Copy out the data below from the line containing "美品【Panasonic】 2023年製 2ドア冷蔵庫168L ホワイト" to the line containing "Continente Amaciador Comfort", both lines included, with all images left out.

#### [Source data]

━━━

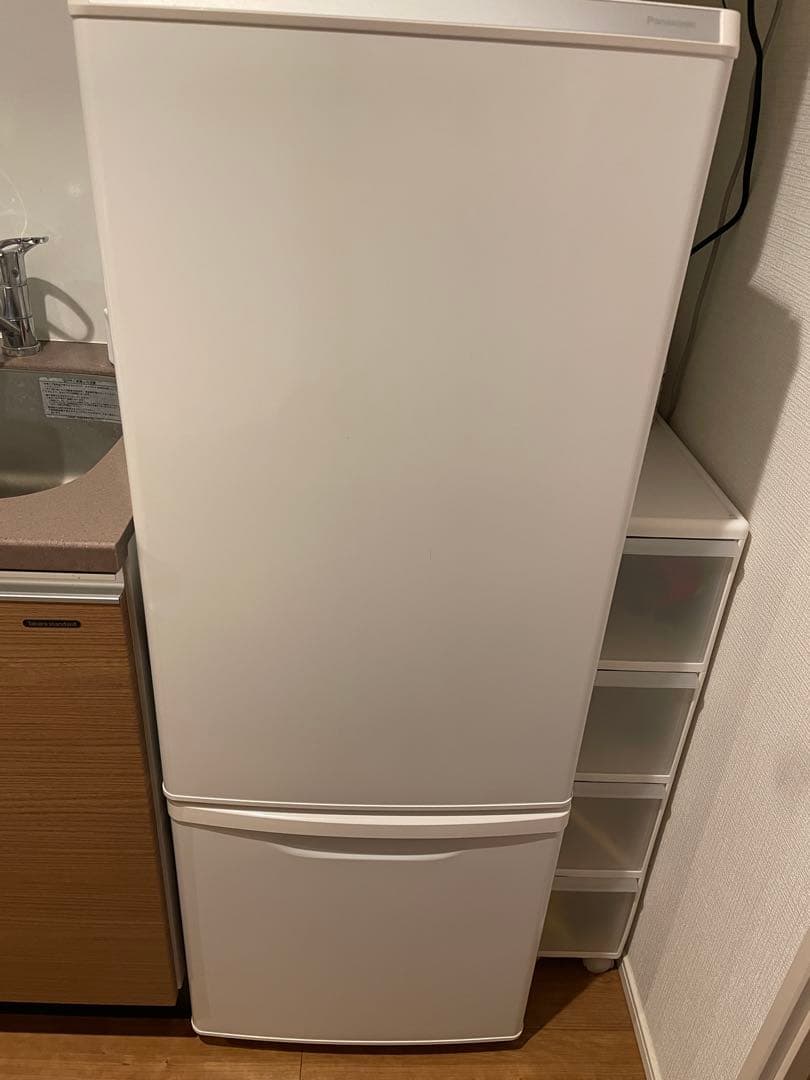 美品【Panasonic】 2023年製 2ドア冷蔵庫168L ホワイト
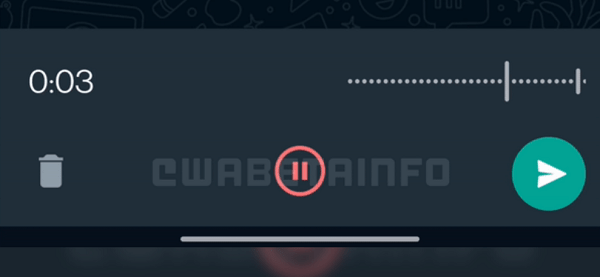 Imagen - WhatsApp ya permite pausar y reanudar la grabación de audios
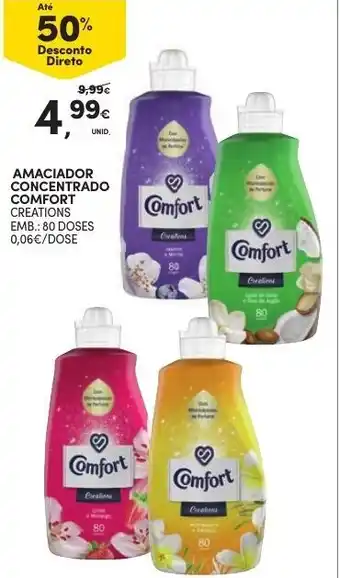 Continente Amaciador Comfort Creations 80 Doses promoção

━━━

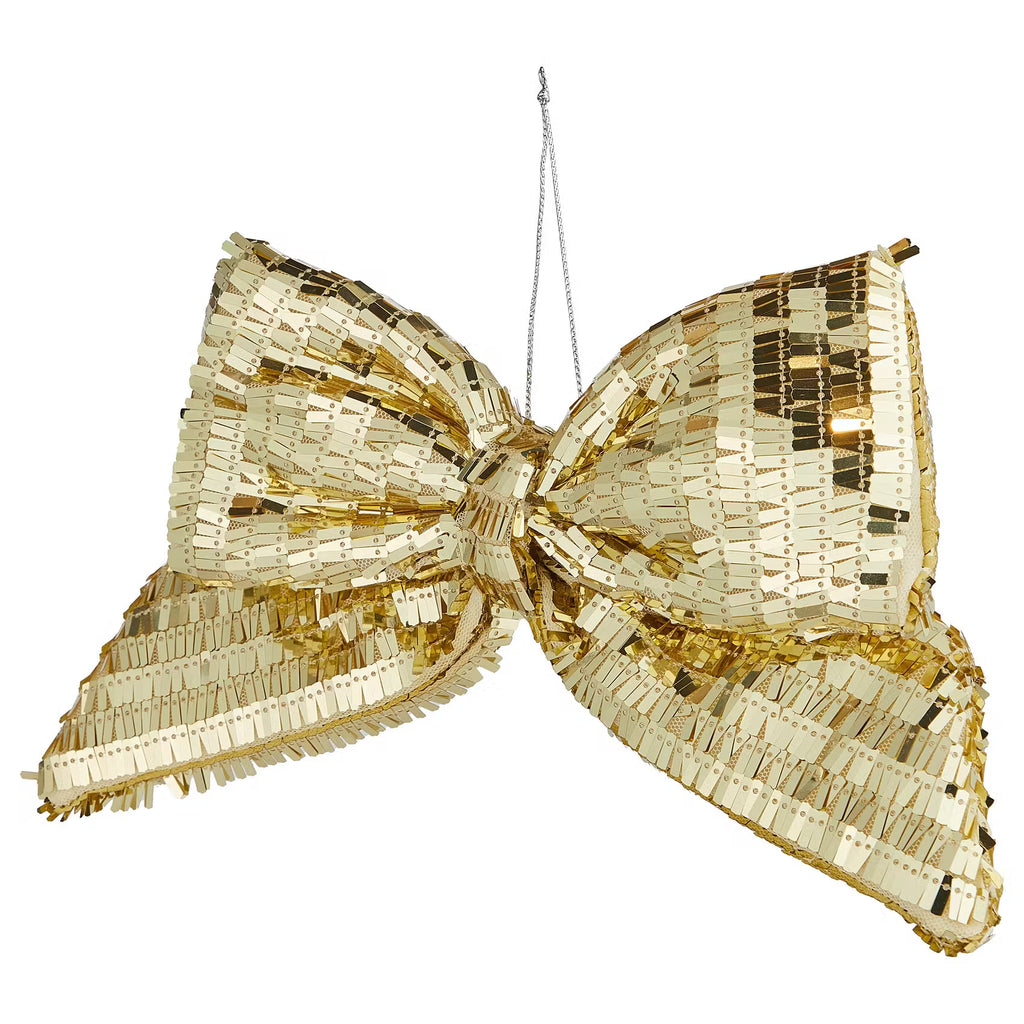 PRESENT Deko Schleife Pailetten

━━━

#### [Solved exercise]
 美品【Panasonic】 2023年製 2ドア冷蔵庫168L ホワイト
 Imagen - WhatsApp ya permite pausar y reanudar la grabación de audios
 Continente Amaciador Comfort Creations 80 Doses promoção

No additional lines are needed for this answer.